Nothing should appear in the answer except the lines below from the line containing "Good sized, sunny" through the line containing "a bedroom with", copied exactly, with pictures left out.

**WORKING DATA**:
☆ ☆ ☆

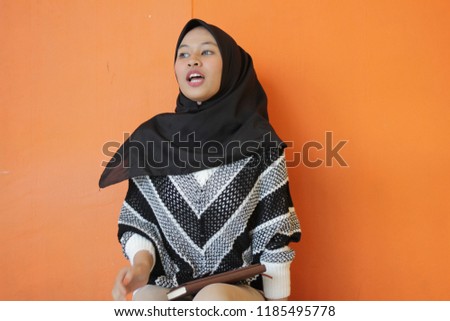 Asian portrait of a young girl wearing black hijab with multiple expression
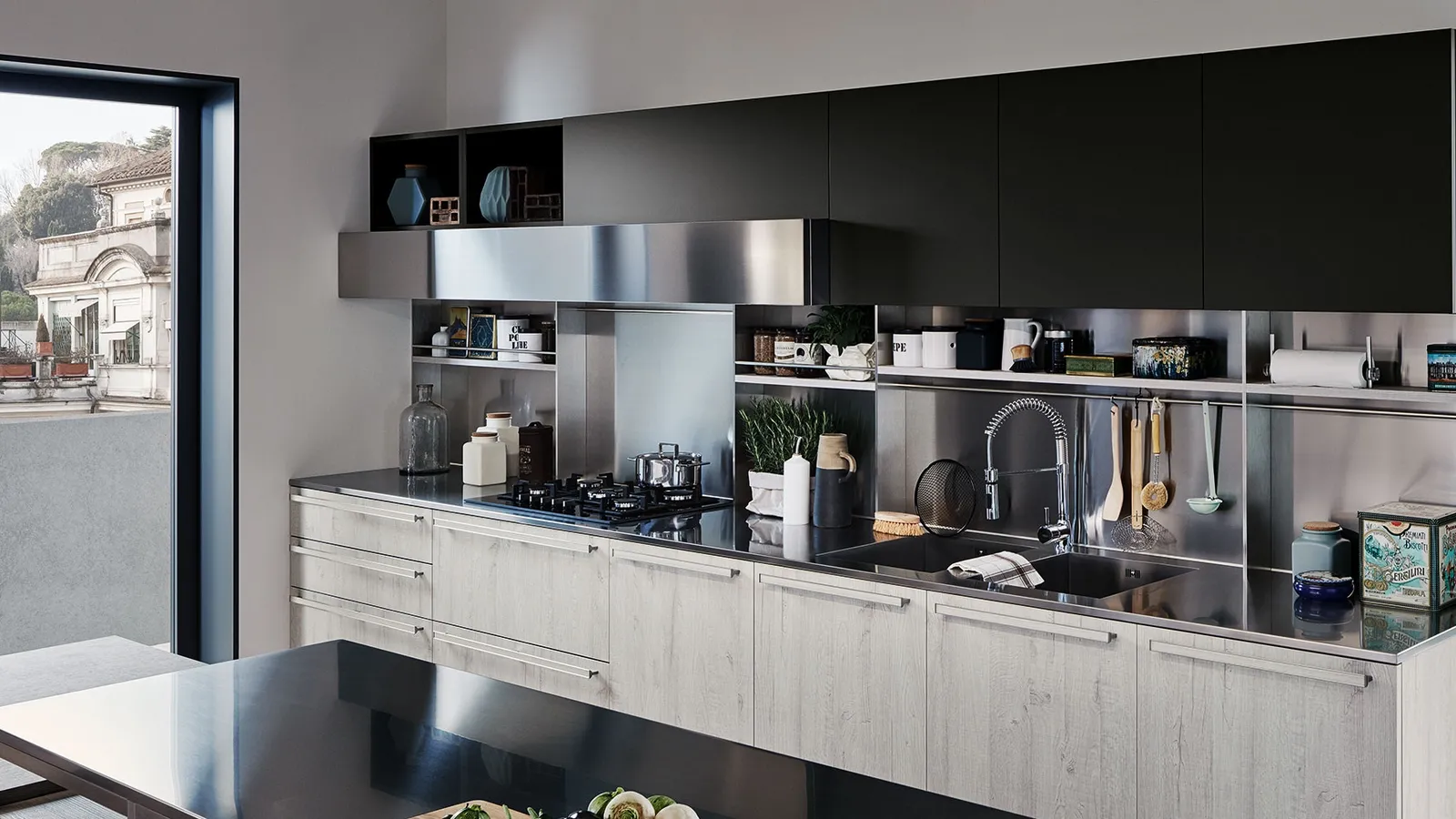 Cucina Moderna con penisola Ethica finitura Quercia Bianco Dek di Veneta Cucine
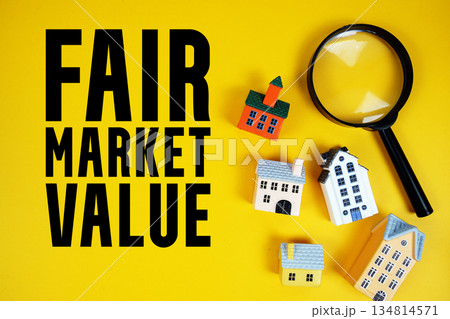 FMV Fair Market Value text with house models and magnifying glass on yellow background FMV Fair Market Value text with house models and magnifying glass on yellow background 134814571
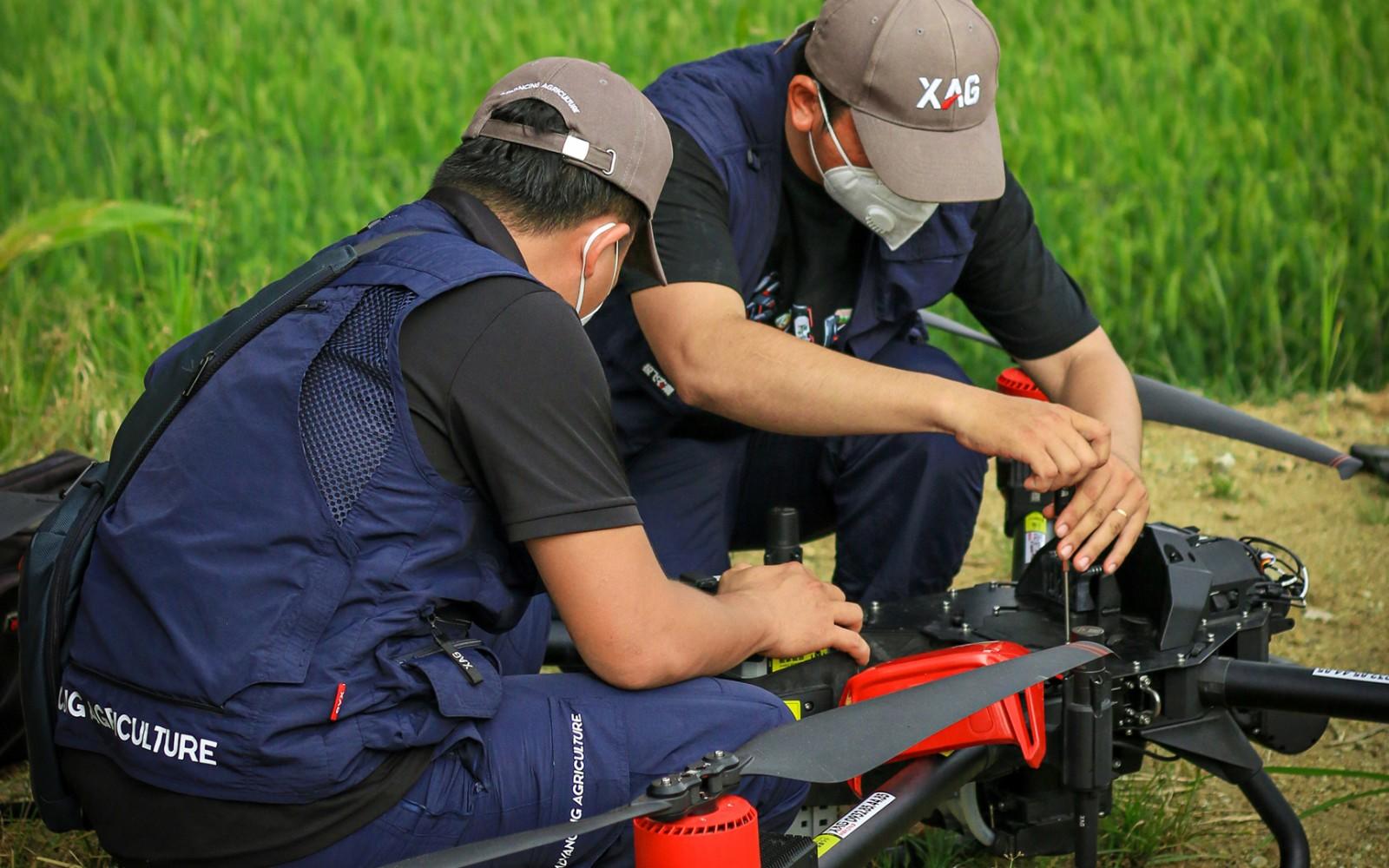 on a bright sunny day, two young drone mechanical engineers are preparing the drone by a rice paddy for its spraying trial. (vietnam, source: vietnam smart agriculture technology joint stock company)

☆ ☆ ☆

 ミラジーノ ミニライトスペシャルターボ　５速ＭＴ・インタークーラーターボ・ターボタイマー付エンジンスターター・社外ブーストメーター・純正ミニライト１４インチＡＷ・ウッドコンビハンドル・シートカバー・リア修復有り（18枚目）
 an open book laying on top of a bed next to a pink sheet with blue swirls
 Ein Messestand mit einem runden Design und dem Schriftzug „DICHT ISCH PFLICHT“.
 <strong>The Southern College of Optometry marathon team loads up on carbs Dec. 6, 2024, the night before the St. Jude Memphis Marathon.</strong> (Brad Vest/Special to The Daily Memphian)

☆ ☆ ☆

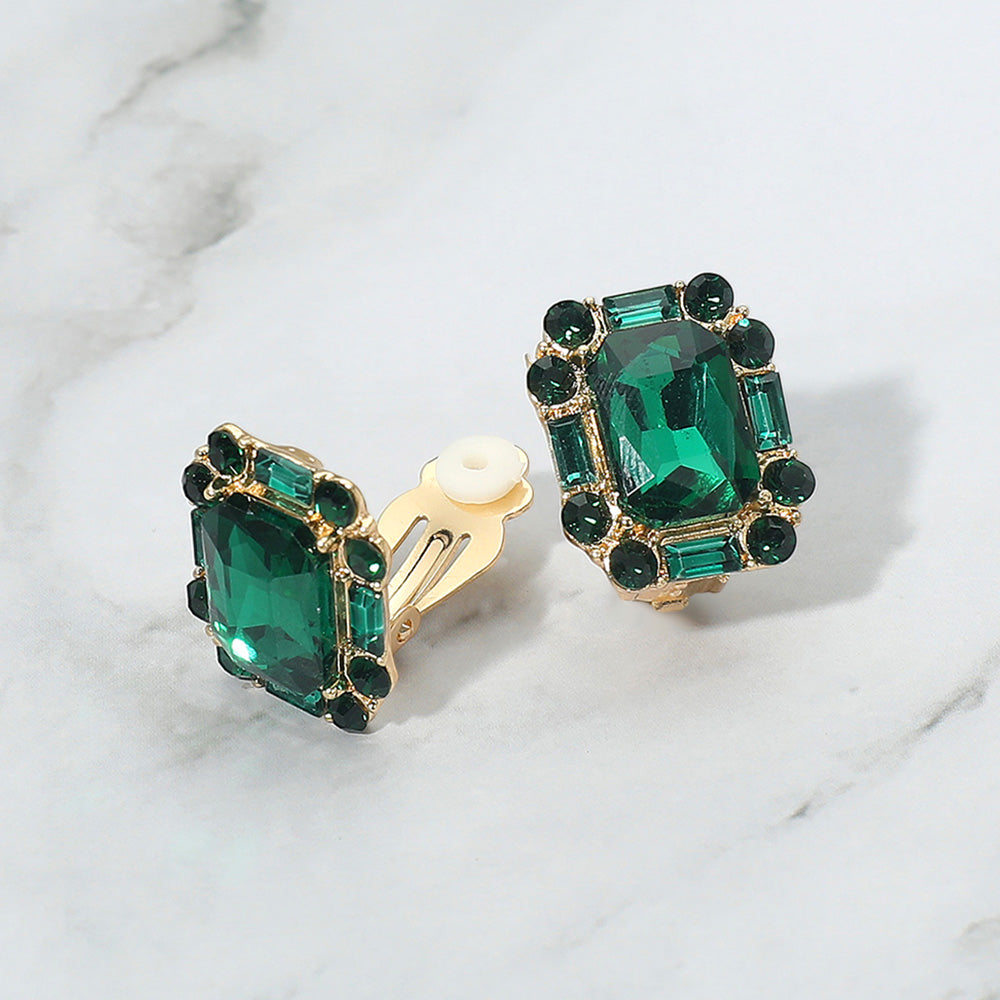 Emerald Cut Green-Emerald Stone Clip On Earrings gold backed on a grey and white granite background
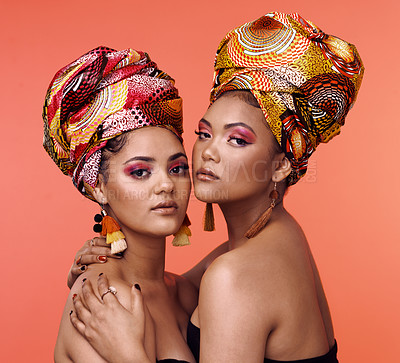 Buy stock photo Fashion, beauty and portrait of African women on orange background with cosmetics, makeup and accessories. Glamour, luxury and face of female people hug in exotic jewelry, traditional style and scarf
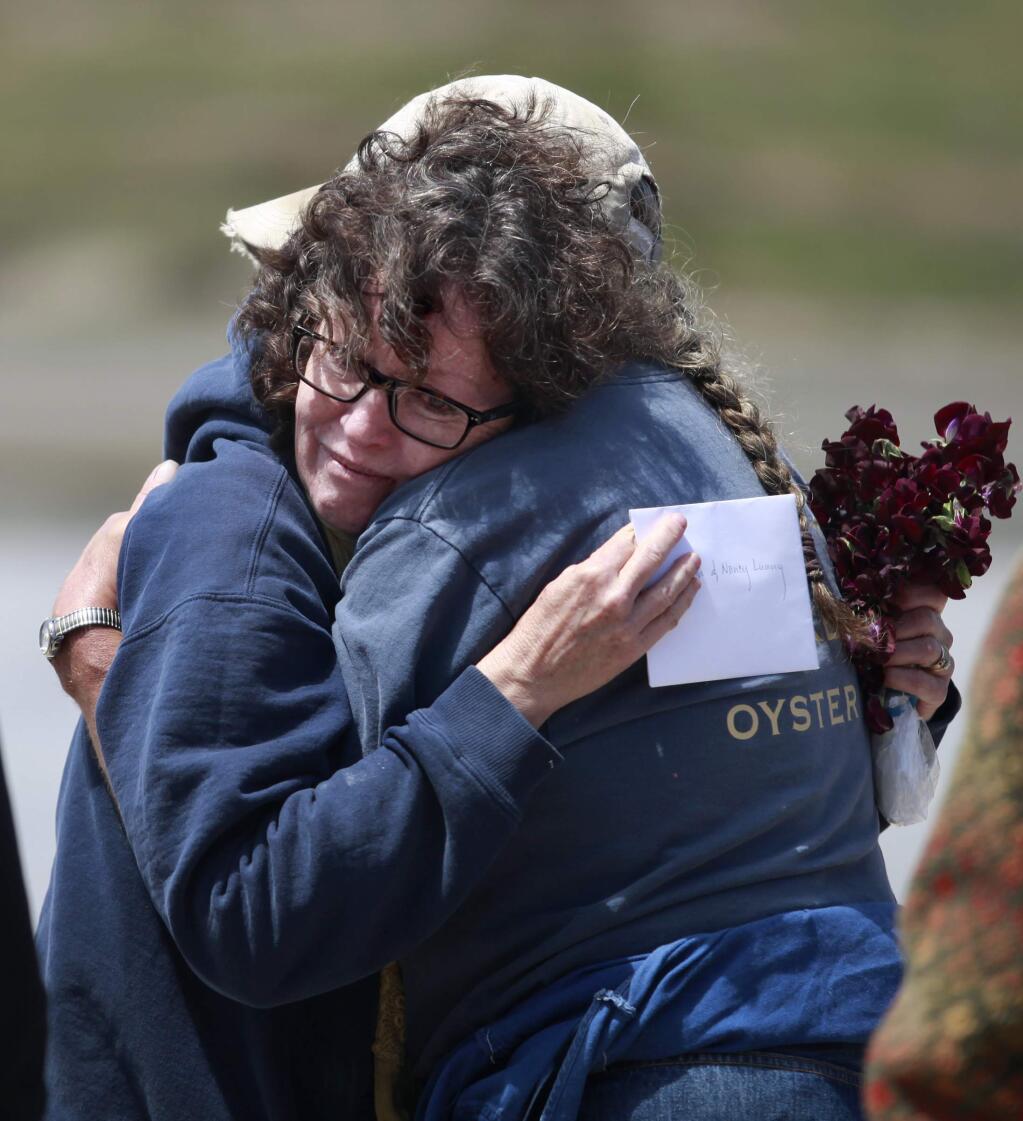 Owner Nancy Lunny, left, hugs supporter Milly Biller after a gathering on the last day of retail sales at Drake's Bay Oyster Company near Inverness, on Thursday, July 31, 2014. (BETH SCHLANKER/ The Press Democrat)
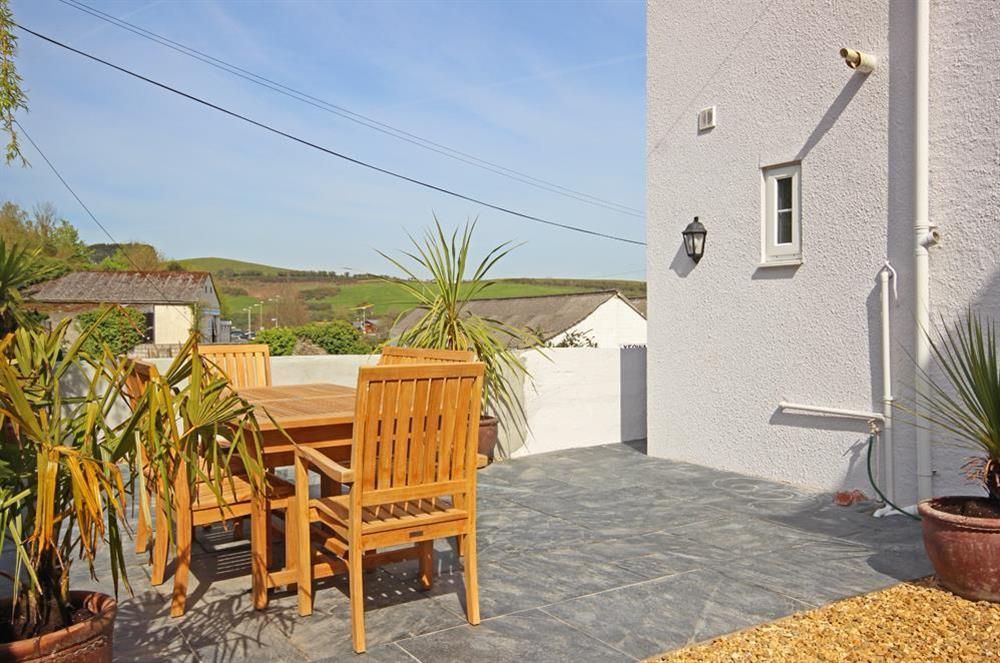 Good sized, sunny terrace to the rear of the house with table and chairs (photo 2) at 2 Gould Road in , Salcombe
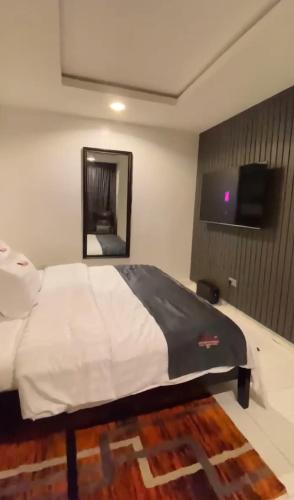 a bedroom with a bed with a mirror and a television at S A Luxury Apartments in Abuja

☆ ☆ ☆

**SOLUTION**:
 Good sized, sunny terrace to the rear of the house with table and chairs (photo 2) at 2 Gould Road in , Salcombe
 a bedroom with a bed with a mirror and a television at S A Luxury Apartments in Abuja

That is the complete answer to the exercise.